**RECORDS SHOWN:**
------------------------------------
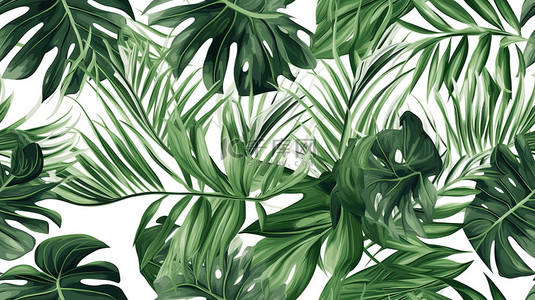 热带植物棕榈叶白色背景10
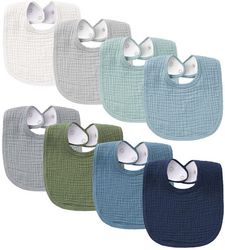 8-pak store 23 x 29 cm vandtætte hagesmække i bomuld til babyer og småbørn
------------------------------------
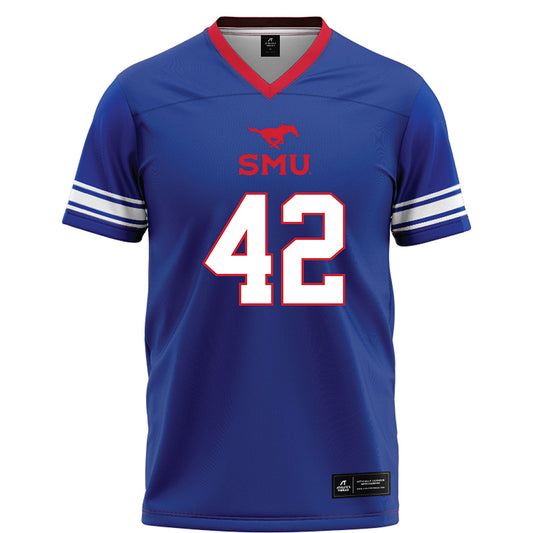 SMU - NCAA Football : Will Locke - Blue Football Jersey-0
------------------------------------
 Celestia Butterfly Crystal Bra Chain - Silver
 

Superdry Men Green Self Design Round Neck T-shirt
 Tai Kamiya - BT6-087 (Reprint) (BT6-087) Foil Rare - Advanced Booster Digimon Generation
------------------------------------
**EXERCISE PROMPT:**
Your answer should be the exact lines above from the one containing "热带植物棕榈叶白色背景10" through the one containing "8-pak store 23", with both end lines kept and the pictures removed, please.

**SOLUTION:**
 热带植物棕榈叶白色背景10
 8-pak store 23 x 29 cm vandtætte hagesmække i bomuld til babyer og småbørn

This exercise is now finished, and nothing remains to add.